— Exercise prompt —
The output should be the listing below, limited to the lines from the one with "Then quantify each" through the one with "Hello. Welcome to", exact and without pictures.

---- Source information

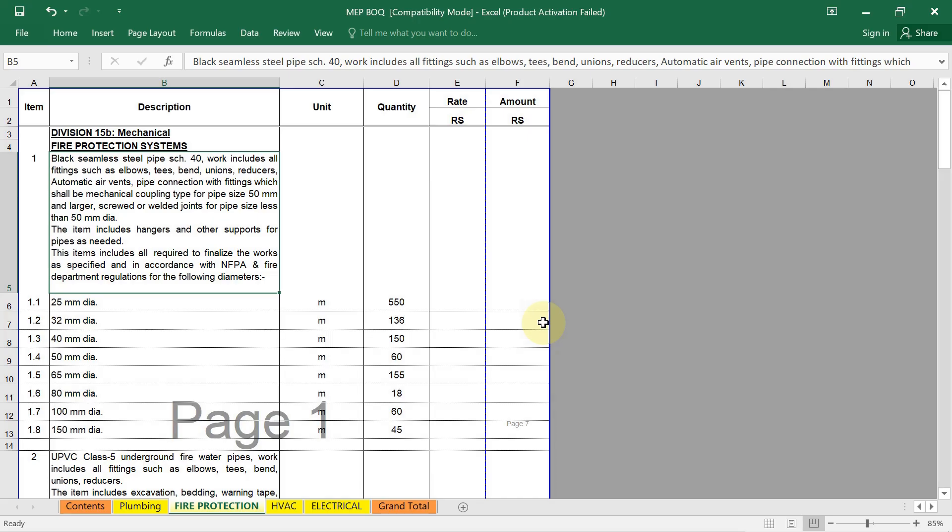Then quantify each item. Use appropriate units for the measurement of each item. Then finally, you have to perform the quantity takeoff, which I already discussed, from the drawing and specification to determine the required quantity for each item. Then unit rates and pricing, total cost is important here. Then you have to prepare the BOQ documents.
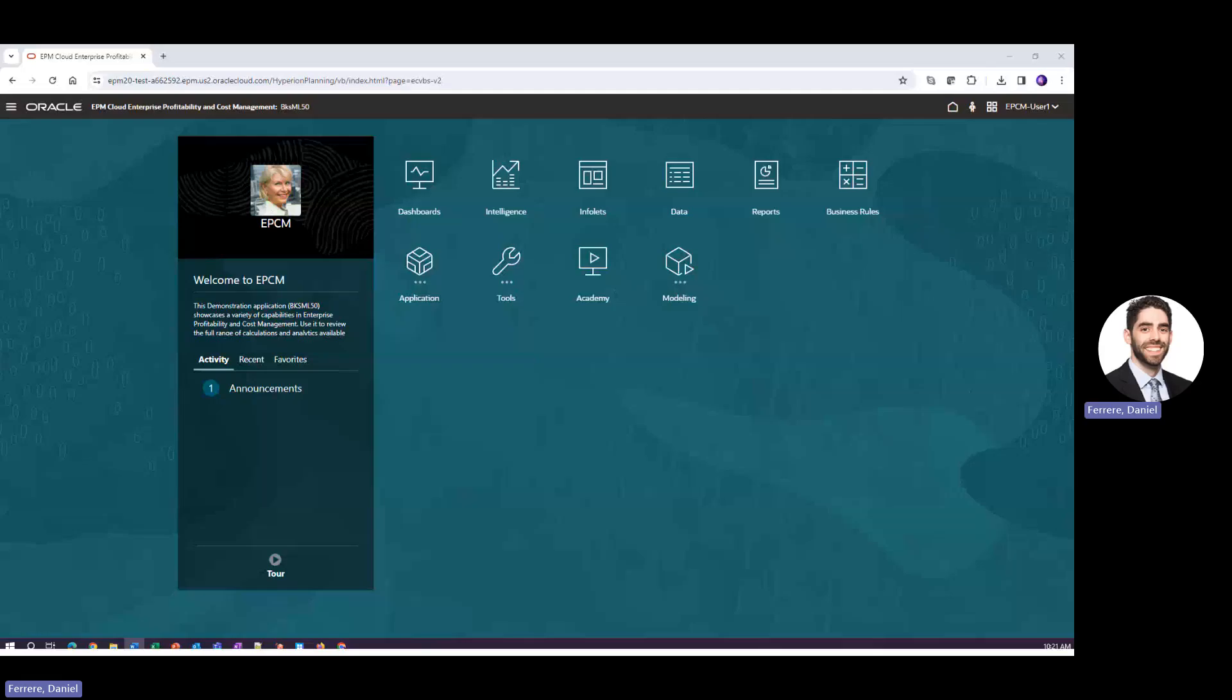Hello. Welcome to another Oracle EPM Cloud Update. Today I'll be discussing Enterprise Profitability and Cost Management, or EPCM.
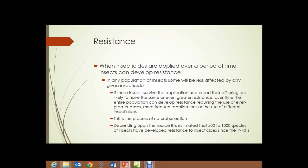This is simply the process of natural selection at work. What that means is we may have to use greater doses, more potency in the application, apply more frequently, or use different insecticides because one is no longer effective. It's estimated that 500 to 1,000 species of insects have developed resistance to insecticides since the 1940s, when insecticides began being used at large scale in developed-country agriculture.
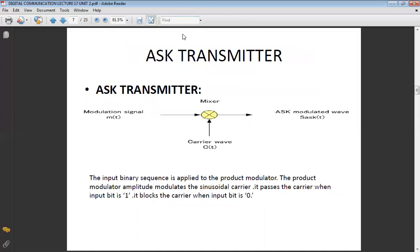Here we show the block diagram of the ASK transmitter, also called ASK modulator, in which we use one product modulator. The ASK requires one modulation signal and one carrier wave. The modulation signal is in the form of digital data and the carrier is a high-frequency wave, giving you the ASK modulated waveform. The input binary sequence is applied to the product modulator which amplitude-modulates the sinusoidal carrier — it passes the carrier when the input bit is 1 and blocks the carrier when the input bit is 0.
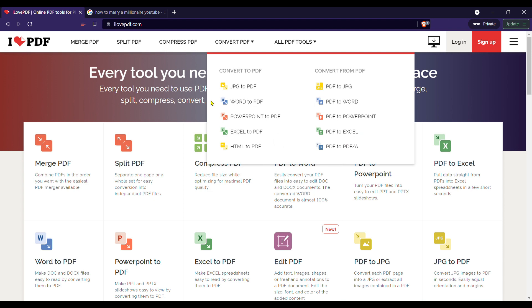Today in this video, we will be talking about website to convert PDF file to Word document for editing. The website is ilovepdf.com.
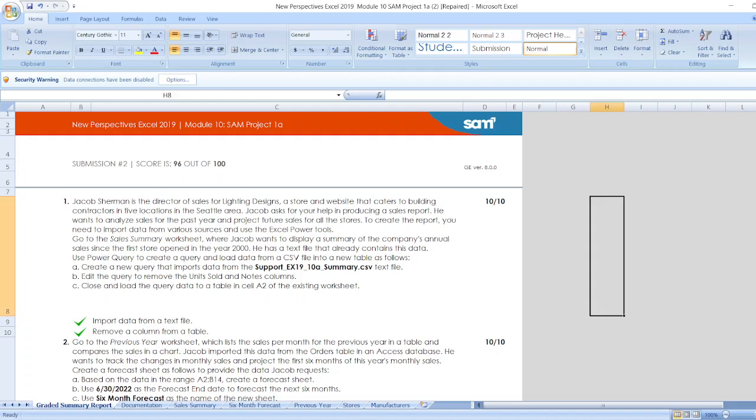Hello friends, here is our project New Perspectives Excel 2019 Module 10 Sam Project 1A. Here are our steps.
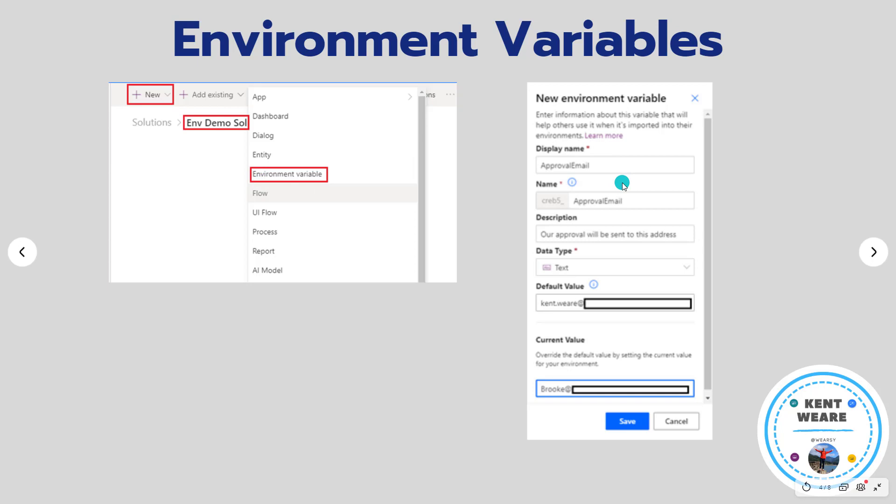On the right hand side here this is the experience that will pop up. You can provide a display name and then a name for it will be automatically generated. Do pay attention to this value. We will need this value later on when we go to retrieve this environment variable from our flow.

--------
---- Source information

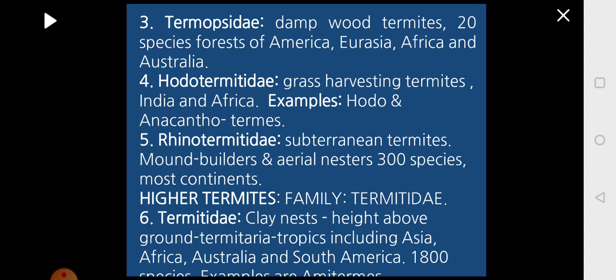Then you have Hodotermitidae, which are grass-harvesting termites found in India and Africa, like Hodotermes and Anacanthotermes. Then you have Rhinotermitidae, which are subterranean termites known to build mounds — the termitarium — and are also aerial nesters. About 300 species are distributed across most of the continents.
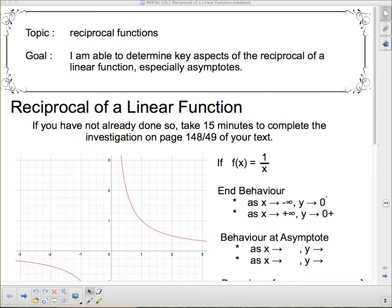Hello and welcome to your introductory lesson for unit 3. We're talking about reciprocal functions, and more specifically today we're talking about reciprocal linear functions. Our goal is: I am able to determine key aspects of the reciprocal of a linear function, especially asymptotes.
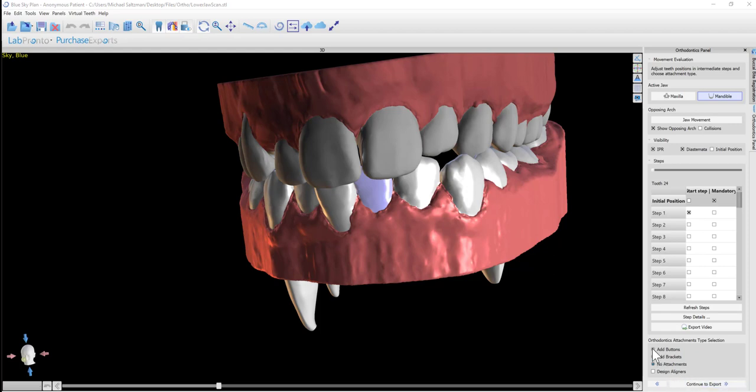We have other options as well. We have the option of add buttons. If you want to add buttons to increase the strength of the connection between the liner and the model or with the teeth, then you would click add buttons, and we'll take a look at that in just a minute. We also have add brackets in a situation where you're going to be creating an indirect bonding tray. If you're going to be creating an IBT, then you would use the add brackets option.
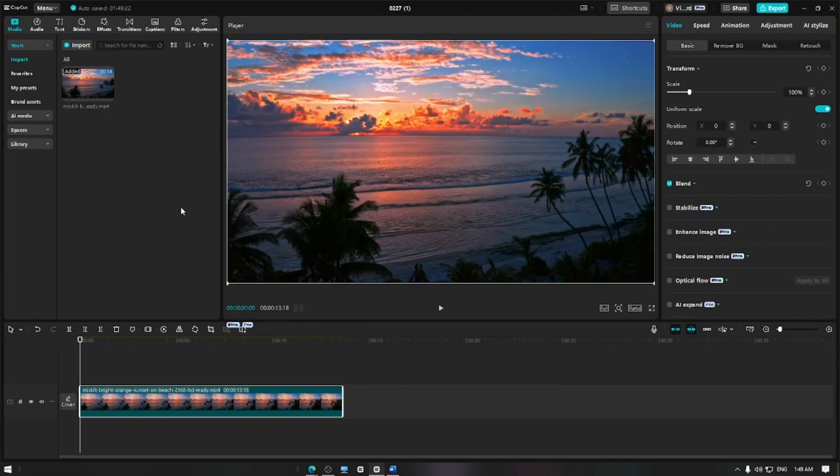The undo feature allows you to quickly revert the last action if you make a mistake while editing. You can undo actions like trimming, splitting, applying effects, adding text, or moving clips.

--------

— Response —
Then quantify each item. Use appropriate units for the measurement of each item. Then finally, you have to perform the quantity takeoff, which I already discussed, from the drawing and specification to determine the required quantity for each item. Then unit rates and pricing, total cost is important here. Then you have to prepare the BOQ documents.
Hello. Welcome to another Oracle EPM Cloud Update. Today I'll be discussing Enterprise Profitability and Cost Management, or EPCM.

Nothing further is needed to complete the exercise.